──────── INPUT DATA

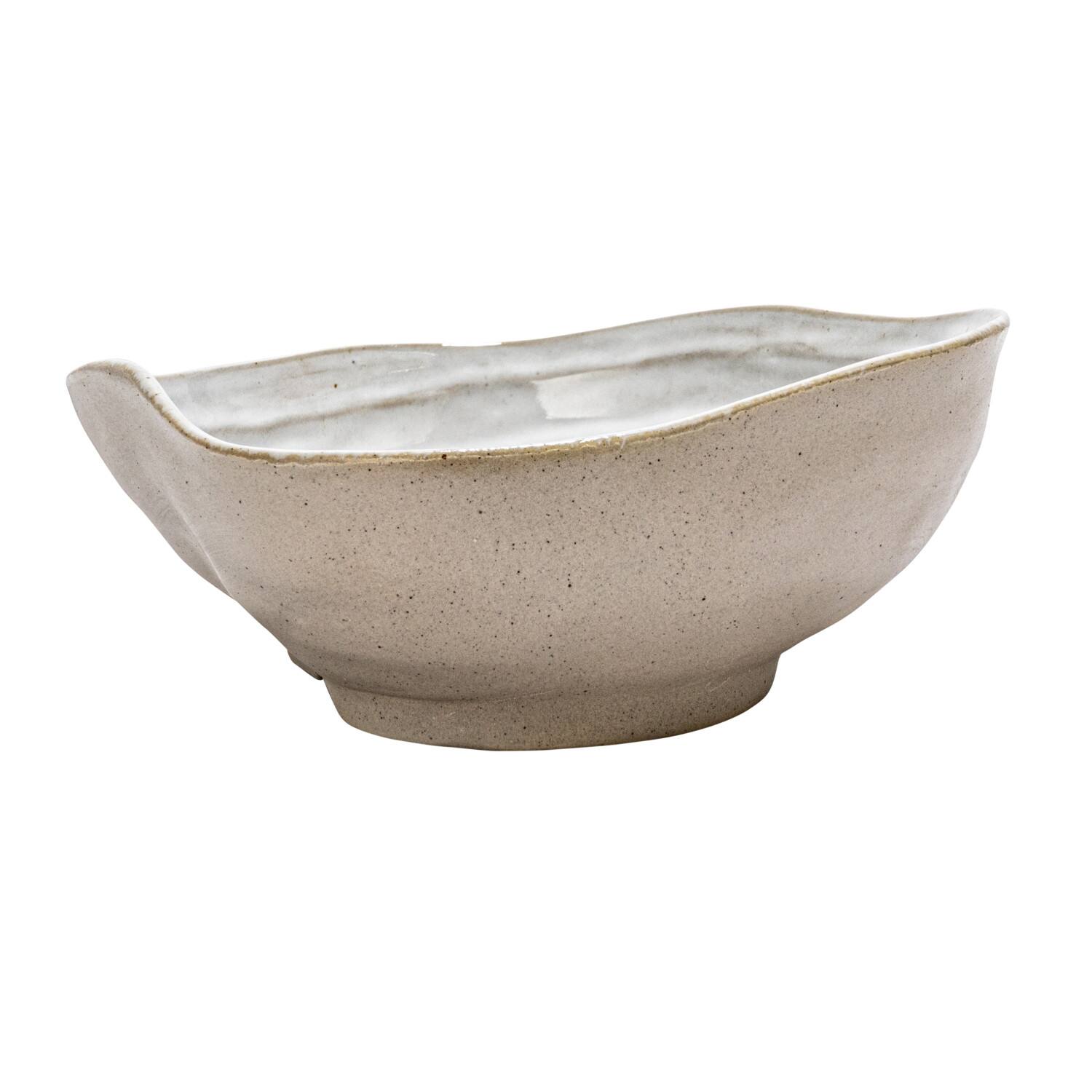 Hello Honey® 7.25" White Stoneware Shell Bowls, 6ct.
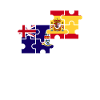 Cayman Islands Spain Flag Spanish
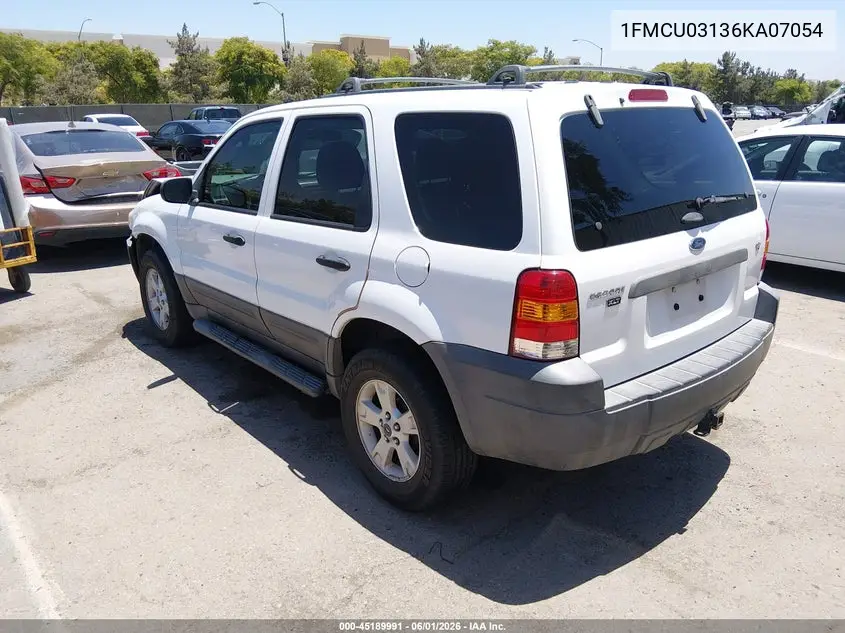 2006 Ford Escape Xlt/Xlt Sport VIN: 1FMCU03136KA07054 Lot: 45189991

────────────────

▶ [YOUR TASK] Recopy the whole listing above precisely, excluding images.

▶ [COMPLETED TASK]
 Hello Honey® 7.25" White Stoneware Shell Bowls, 6ct.
 Cayman Islands Spain Flag Spanish
 2006 Ford Escape Xlt/Xlt Sport VIN: 1FMCU03136KA07054 Lot: 45189991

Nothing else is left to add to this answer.